Diese Männer arbeiten in der Tempelküche. Man bemerke den Einkaufswagen hinter dem Fenster. Ein beruhigender Beweis für das fehlende Spießbürgertum der Sikh aus der Zeit vor elektrischen Einkaufswagendiebstahlsicherungen.

Ich beneide dieses Mädchen. Das wollte ich als Kind während des Gottesdienstes auch immer tun.

Unter diesem reich geschmückten Baldachin im Gurdwara, dem Ort, wo der Guru wohnt, wird das heilige Buch der Sikh verwahrt. Der letzte Guru sagte, dass es nach ihm keine weiteren menschlichen Gurus geben wird. Das Buch ist nun der lebende Guru, weshalb es auch wie ein Mensch behandelt wird. Das heißt, es wird nachts auch schlafen gelegt. Es enthält viele „gute Messages", so der Aufsichtsratsvorsitzende Hardhajan Singh.

Nur ein vom geizigen, europäischen Minimalismus verblendender Narr würde bei dem Plastikblumenreichtum der Sikh von Kitsch sprechen.

Einer ihrer Gurus gebot den Sikhs, ihre Haare nicht zu schneiden. Die Haare sind eines der magischen fünf Ks, die alle mit Geboten verbunden sind: Haare (Kesh), Armreif (Kara), lange Unterhose (Kachera), Dolch (Kirpan) und Kamm (Kangha). Fragt mich nicht, was es damit auf sich hat, das würde die Magie der Sache zerstören. Aber wie bei allen Regeln handelt es sich auch hier für die Sikh eher um Richtlinien, was sie ungefähr auf eine Coolness-Stufe mit Guybrush Threepwood setzt. Auf diesem großartigen Bild sind die Aufsichtsratsvorsitzenden der Sikhs Hardhajan Singh und Amarjeet Singh zu sehen, die mir netterweise ihre Visitenkarten gegeben haben. Sie ahnten sicher, dass ich sonst ihre Namen falsch schreibe.
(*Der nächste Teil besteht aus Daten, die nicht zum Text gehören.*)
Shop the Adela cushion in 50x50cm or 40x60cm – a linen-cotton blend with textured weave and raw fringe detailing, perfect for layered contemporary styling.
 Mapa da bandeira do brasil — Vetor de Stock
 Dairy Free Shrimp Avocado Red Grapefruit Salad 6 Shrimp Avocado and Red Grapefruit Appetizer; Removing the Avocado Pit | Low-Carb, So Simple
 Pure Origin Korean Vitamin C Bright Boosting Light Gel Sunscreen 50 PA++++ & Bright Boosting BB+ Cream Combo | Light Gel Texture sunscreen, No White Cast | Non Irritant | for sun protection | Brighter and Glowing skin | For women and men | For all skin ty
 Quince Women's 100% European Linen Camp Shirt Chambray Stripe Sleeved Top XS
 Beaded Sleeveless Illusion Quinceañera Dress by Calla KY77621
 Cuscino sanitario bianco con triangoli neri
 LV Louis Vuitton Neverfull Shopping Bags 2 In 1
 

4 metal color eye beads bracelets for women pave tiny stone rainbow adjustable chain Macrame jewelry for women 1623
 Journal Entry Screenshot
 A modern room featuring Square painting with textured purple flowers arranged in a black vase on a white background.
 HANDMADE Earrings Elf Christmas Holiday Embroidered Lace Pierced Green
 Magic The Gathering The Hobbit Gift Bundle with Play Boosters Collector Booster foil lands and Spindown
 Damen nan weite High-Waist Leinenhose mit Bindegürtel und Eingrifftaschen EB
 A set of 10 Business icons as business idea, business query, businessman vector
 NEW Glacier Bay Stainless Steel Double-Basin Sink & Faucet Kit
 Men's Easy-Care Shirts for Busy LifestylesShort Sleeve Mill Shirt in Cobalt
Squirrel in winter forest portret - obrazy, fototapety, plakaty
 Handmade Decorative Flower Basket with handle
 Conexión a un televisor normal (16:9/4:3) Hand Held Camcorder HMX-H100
Und falls ihr euch wundert, warum beide Singh heißen: Alle Sikh-Männer haben diesen Namen, der Löwe bedeutet, vom letzten menschlichen Guru, Gobind Singh, erhalten. Die Frauen heißen Kaur, Prinzessin. Hardhajan begründet das auch einleuchtend: „Weil ohne Frauen wären die Männer nicht da und so." Die Frauen tragen Hosen, damit sie auch mal in den Krieg ziehen können, was sie sozusagen zur indischen Ausgabe von Prinzessin Fantaghiro macht.